New York, June 20, 2015
My dear Brethren, best American Friends,
Ladies and Gentlemen,
First of all, I wish to thank our good friends of the Band of Brothers Ted and ...as well as Mischa, whom I am so happy to meet again today here on the occasion of my lecture in connection with the visit in the USA of the reconstructed Hermione ship on which Lafayette was heading the Insurgents 1780. As you may know, I keep strongly committed with America, where I have spent so many happy years as I was serving with the French diplomatic service in the late nineties. I have also to express my special recognition to the American Friends of Hermione-Lafayette and to their President, my dear Friend Miles Young, who were so supportive to me, helping to give a series of lectures including Baltimore, MD, and New York City after Montreal, Canada.
In the run of time people may not forget the very special relationships French and American people developed as what I call the legacy of La Fayette and George Washington. It led to the famous and very decisive victory of October 19, 1781 at Yorktown, paving the way to American Independence five years later at Philadelphia, July 4th 1786. The very spirit of this true Friendship remains centuries later as a kind of landmark to which one has still to refer with gratitude. And since we are here hosted today by the Grand Lodge of New York, I should not forget to stress right away how important was the Masonic commitment of General George Washington, Benjamin Franklin and Lafayette at a time where American people were struggling to get independence from England. I shall try today to remember in front of you some main pages of this major history which France and America do share. And together we should proudly claim that we also refer to the same basically principles James Anderson was writing as soon as 1723. But sharing the same moral values and praising freedom of conscience doesn’t mean that we have always a same practice of Freemasonry, because in every country the Masonic Order developed also a kind of specific implementation of our philosophy. Having had the privilege to access to the private correspondence between George Washington and La Fayette kept in the archives of the Society of Cincinnati at Anderson House in Washington, DC, I also realize pretty well that despite the very confident relationships between the two figures they both kept their own mind strongly imprinted by their different cultural background. Nevertheless their ties remain even today emblematic keys for a better understanding of French-American history, which is sometimes complex and turbulent as it usually occurs among best friends dealing sometimes with misunderstandings. Important is to find the way to overcome them. Nothing seems to me more essential.
Alexandre de Tocqueville belongs also to those French people who early tried to observe life in the American Society and was helping to a better mutual understanding. He was focusing on main differences between our two ways of life. He also perfectly perceived the way people in both countries were facing challenges. We always should remain aware that we share strong common roots and interests. But we have developed different cultures in the run of the last centuries.

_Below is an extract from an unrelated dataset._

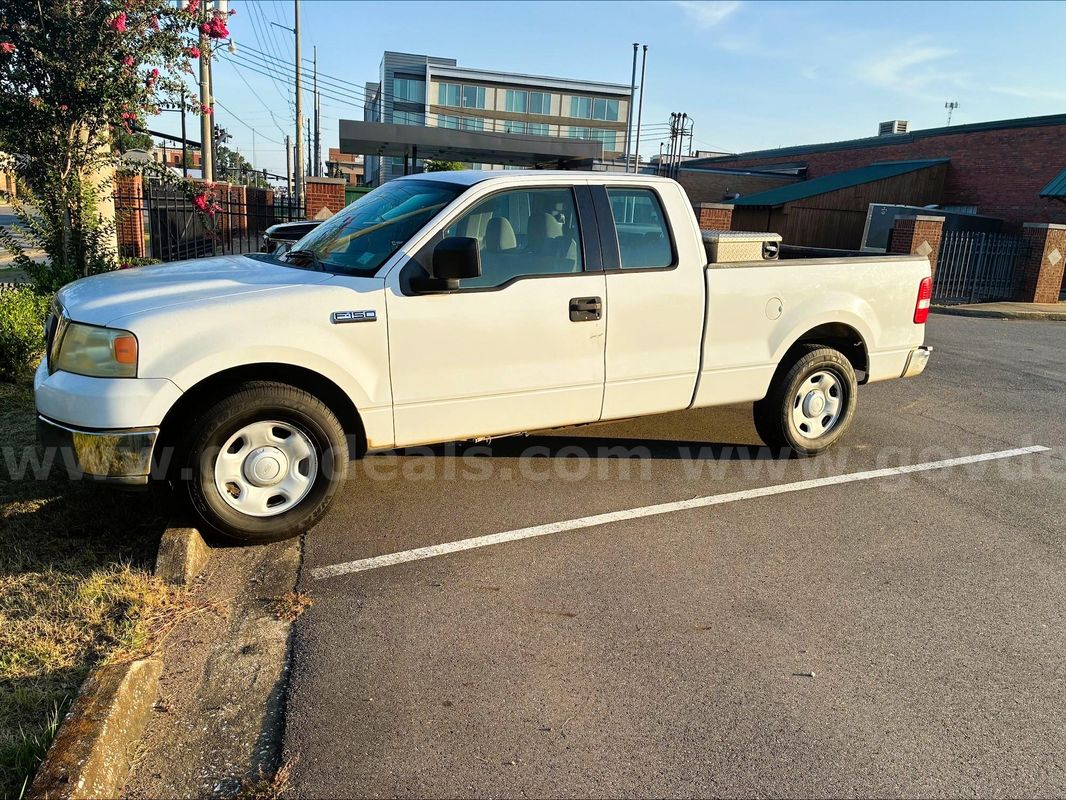 2004 Ford F-150 XL SuperCab 2WD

Turning back to the 18th Century as needed for a better understanding of how History was developing at the time Lafayette was heading to America with his ship HERMIONE, one should remember that it was the century of Enlightment. It was as well a period when France began to face the premises of the Revolution. At the same time people in America was beginning to claim independence from the United Kingdom of England.

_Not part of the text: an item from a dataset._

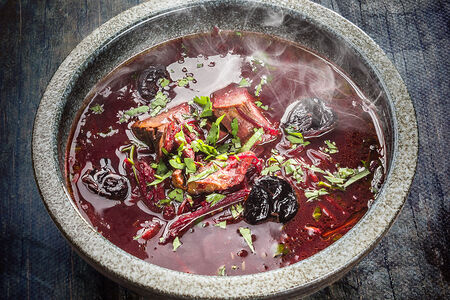 Суп Борщ с копчёным черносливом и мясом барашка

The young Marquis de La Fayette had lost his father in the early age of two years, and thanks to the intrigues of his mother, married soon Adrienne de Noailles who introduced him into the highest notability at the Court of Versailles. Having inherited a very rich family he was cumulating all ingredients for a brilliant future. But being originated far from the sophisticated life of the King’s Court, it didn’t last long before he felt uncomfortable with the decadent surrounding and artificial social life at Versailles. As an Army Officer serving in the regiment of the famous Noailles family he felt furthermore fully under control of his relatives. Under such circumstances it appeared soon to him that joining American Insurgents and taking chance of making use of his talents as a military on American battlefields could be a good opportunity to return later on to his motherland with some fame.

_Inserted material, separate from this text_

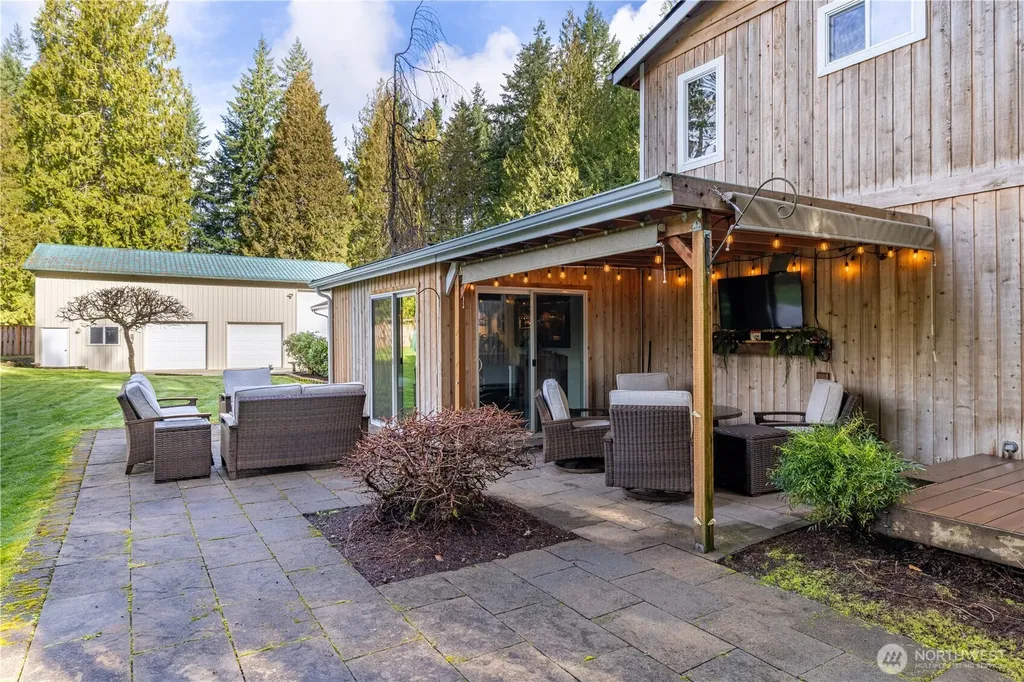 4545 Steamboat Island Road NW Olympia WA 98502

His project eventually started during the summer of 1775. And even though the news of the Declaration of Independence not became known in Europe earlier than October 1776, everyone had been since a long time aware of the Insurgents fighting.
I shall not speak in more details today about the long lasting preparatory works of Marquis de La Fayette. Let me only mention that he and his brother-in-low de Noailles surprisingly enough both succeeded, despite their young age and their lack of experience, in being appointed right away with the high rank of major general. This was an evident extravagant (preposterus) request from them, to which the American Envoy in Paris, Silas Deane, anyway answered positively after Kalb, the German military counselor, recommended to do so. The way was thus paved for La Fayette’s first expedition to America on board of the ship “Victoire”.
The first encounter between La Fayette and George Washington is supposed to have taken place on the occasion of a dinner party at the City Tavern in Philadelphia on July 31, 1777. The young French man was then invited to join his new military family. He had been able to finally convince George Washington, who was initially rather reluctant to accept that. Benjamin Franklin, then Ambassador in Paris, also played a decisive role in this matter while pledging in his favor. But it did not last long before the ambivalence should become evident.
After the American Congress agreed with the appointment of Lafayette as a “Major General” he soon claimed to get in charge of an Army Division. On his side, Washington was considering this rank purely honorific, and consequently was not ready to comply with the request of the young Marquis who on his turn soon developed some affective insistence to his protector calling him now “Mon Cher General” and behaving as his devoted adoptive son truly admiring in him the hero and a father.
George Washington’s culture didn’t prepare him to such most Latin assaults. But he accommodated himself to this unexpected situation with some pragmatism, taking into account the recommendations of Benjamin Franklin who was best familiar with French politics and perfectly aware about the influent relationships around the young Marquis. In his opinion it may be wise to restrain of expressing impatience while the French circles could be useful later on...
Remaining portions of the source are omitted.